If you're snapping track data to roads, how do you deal with areas where you have no existing data? Do you take into account aerial imagery?

</openstreetmap-nerd jealous="true">

Google Street View was filmed at 30fps video format. You can generate a 2D route map directly from it without GPS or when GPS is not available.

I took some notes during the StreetView Q&A on reddit two years ago: http://blog.est.im/archives/554

Unfortunately we can't talk much about this; sorry.

There's some more discussion over at Reddit: http://www.reddit.com/r/programming/comments/t1mo7/ceres_sol...

Thanks for adding your note about integrating this into Blender--that makes the news much more relevant to my interests. :)

I was looking forward to integration of motion tracking into Blender and had a small play with the feature when released. Now I just need to make the time to play some more...

What exactly would you use this in Blender for? As a library for someone to build a script that would turn 2d photos into 3d objects or something? Could you expand on that?

Blender got integrated matchmoving / tracking with the 2.61 release, by way of libmv (which I am the BDFL of). A critical part of many tasks in 3D reconstruction and tracking is a solid, flexible nonlinear minimizer. Since Ceres is so easy to model problems with, is so fast, and is appropriately licensed (unlike some alternatives), it is an enabler for these more sophisticated tracking operations.

Note that Blender's next open movie, http://mango.blender.org, is live-action done with Blender's tracking tools. Ceres is going to be used for that as well.

I guess that one application would be camera tracking to implement automatic compositing of 3d models into videos.

It would be nice if we could use it, or (better) if Google exposed the ability in the Maps API, to fit paths to the most likely road, just like is being done in the demo video on the project page.

The roads are not an input to the optimization shown in the examples. How this works is left as an exercise for the reader.

Since it mentions sensor fusion, is this not just* combining the data from the GPS, compass, accelerometers (and any other sensor input from the car e.g. comparing photos, IR, wifi signals) to smooth out any irregularities in a single sensor and making better guesses where they all agree. If I'm right then the demo video is cheating a bit by only showing the GPS input initially and the rest of the info seems to come from thin air, which might be why people think it's working with the underlying street data. Dead reckoning with a compass and accelerometer and/or wheel odometer/tachograph might also have produced a similarly wonky line, but then you have two different wonky lines to average together to get a better approximation of the true path.

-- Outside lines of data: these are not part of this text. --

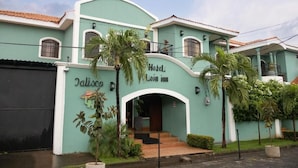 A hotel with a curved entrance, palm trees, and a sign reading 'Hotel Leom inn.' - HOTEL LEON INN (León)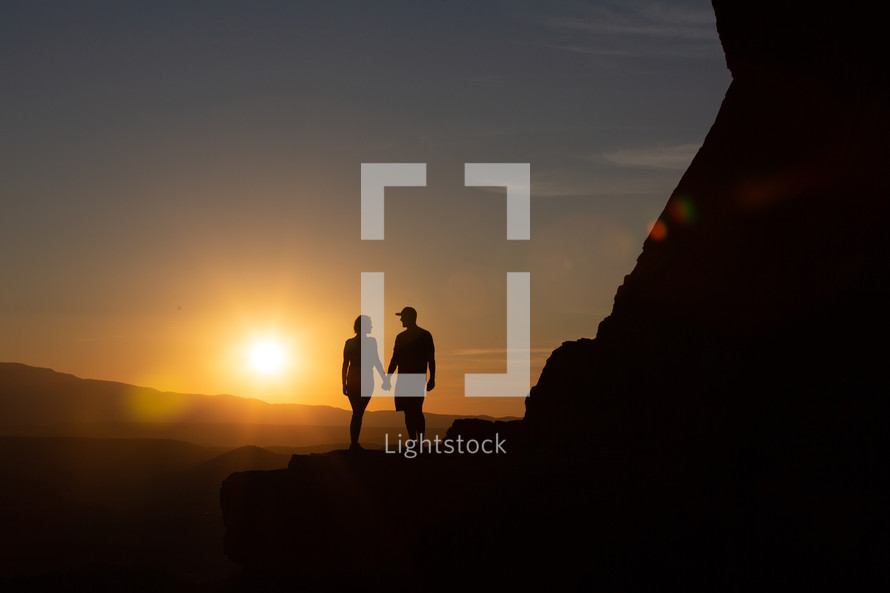 silhouette of a couple on a mountain at sunset 
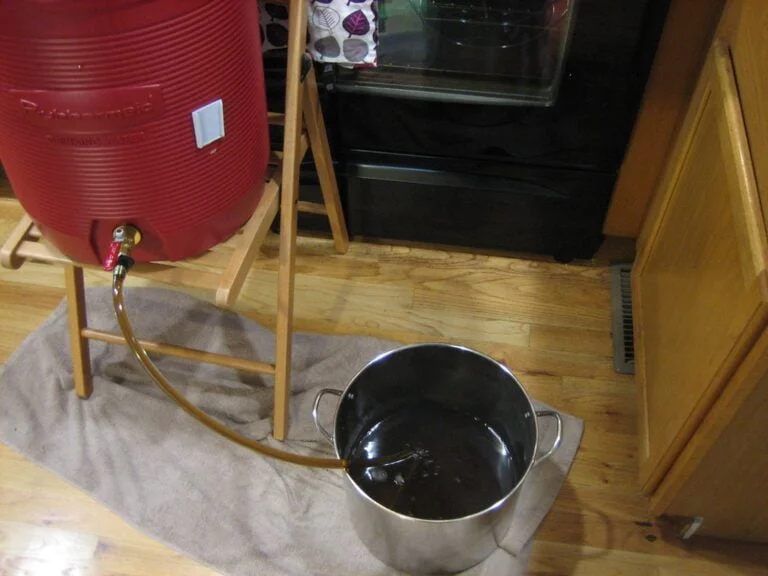 A red water cooler with a spigot sitting on a wooden stand leaking fluid through a hose into a metal pot placed on the floor, with a towel underneath to absorb spills.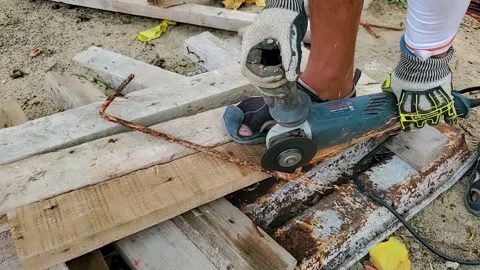 Manual worker with grinder bosch tool to cut rusty iron  rod with sparks Stock Footage 241197459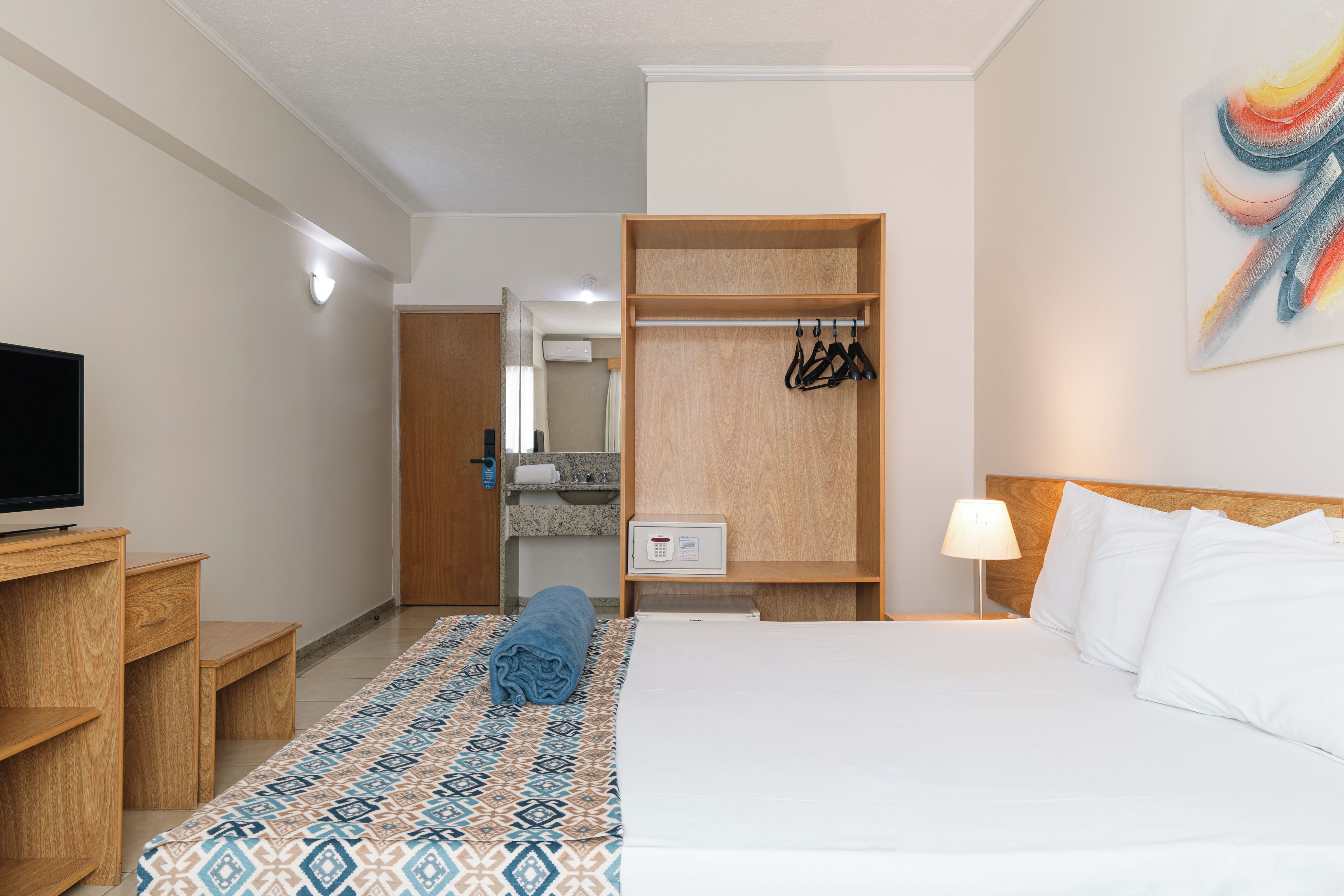A hotel room with a bed, a TV, a wardrobe, a bathroom, and a painting on the wall.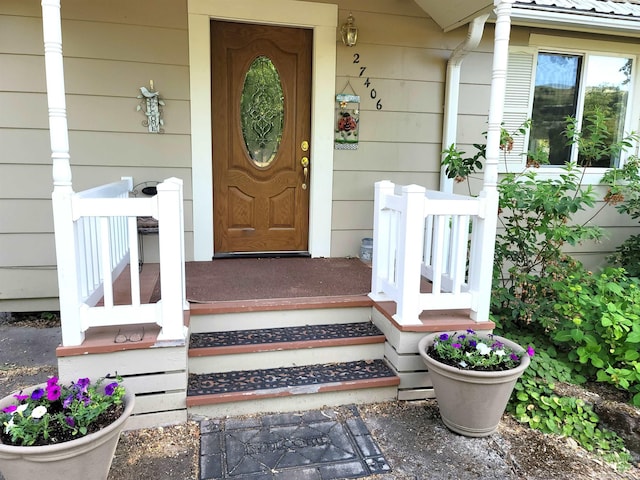 27406 Gem Ln, Juliaetta, ID 83535 - doorway to property featuring covered porch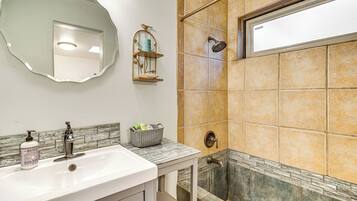 A bathroom with a sink, mirror, shower, and decorative items.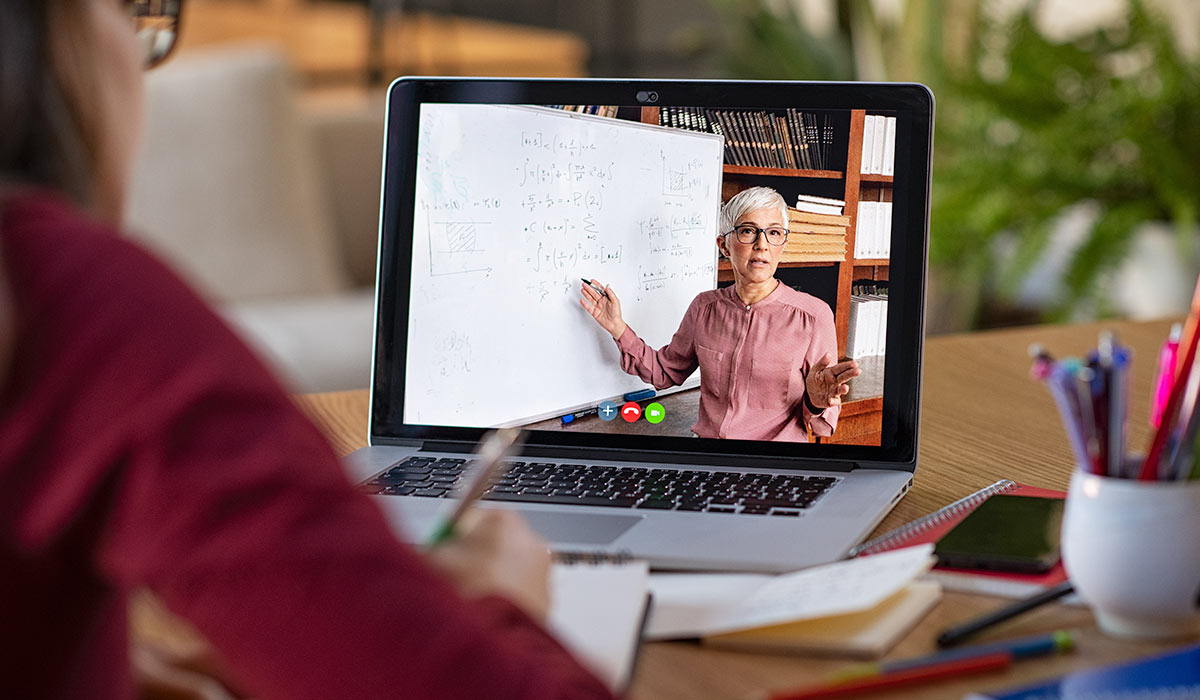 student watching teacher on laptop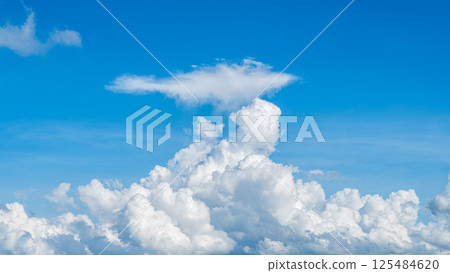 A majestic sea of clouds and cumulonimbus clouds floating in the blue sky A majestic sea of clouds and cumulonimbus clouds floating in the blue sky 125484620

Note this supposition is based almost entirely on doing the first 3 weeks of the Udacity course CS373: Programming a Robotic Car, but it seems to fit quite neatly with the stuff they talk about i.e. a car/robot moving, guessing how far it's moved, taking sensor snapshots of its environment then cleverly combining the data to figure out accurately where it is.

Off-topic: scrubbing back and forth in the blog video (to get a better idea of what was happening) seemed incredibly smooth for me, is this a side effect of Youtube/Firefox using HTML5 video? (edit: trying it out with Flash, I get a fancier, but less useful pop-up when I try to scrub, a tech limitation of Flash or just a design decision?)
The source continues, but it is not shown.